◆ **What this task involves**: Your answer should be the exact lines of the data below from the one containing "Additionally, diamond ground" through the one containing "Evergreen trees grow"; please include nothing else.

◆ **Available data**:

╔══

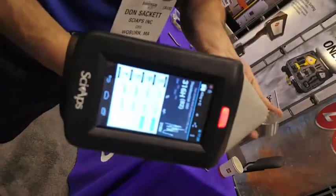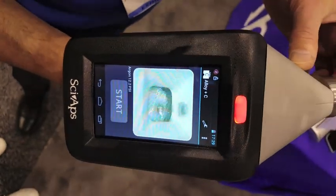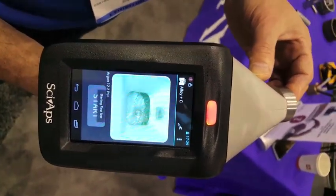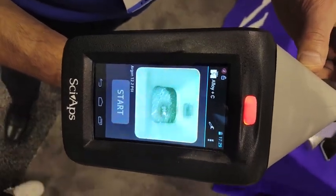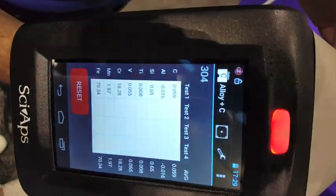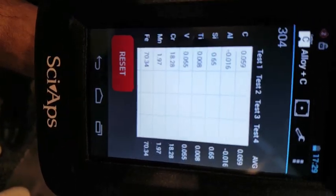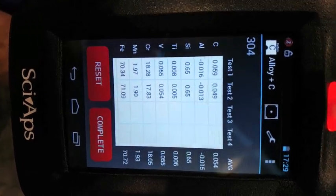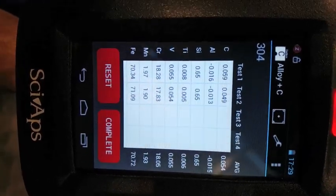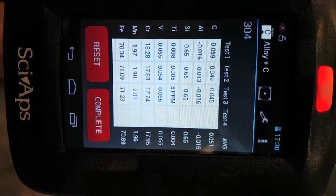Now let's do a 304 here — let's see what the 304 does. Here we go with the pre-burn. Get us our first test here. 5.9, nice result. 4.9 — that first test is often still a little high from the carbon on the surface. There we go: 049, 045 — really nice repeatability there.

╚══
╔══

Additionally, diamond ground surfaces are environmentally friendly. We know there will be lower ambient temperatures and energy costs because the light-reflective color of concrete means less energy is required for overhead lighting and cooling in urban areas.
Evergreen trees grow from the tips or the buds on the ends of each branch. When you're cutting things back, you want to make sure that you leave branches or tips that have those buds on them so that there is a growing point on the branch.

╚══

◆ **Written answer**:
Additionally, diamond ground surfaces are environmentally friendly. We know there will be lower ambient temperatures and energy costs because the light-reflective color of concrete means less energy is required for overhead lighting and cooling in urban areas.
Evergreen trees grow from the tips or the buds on the ends of each branch. When you're cutting things back, you want to make sure that you leave branches or tips that have those buds on them so that there is a growing point on the branch.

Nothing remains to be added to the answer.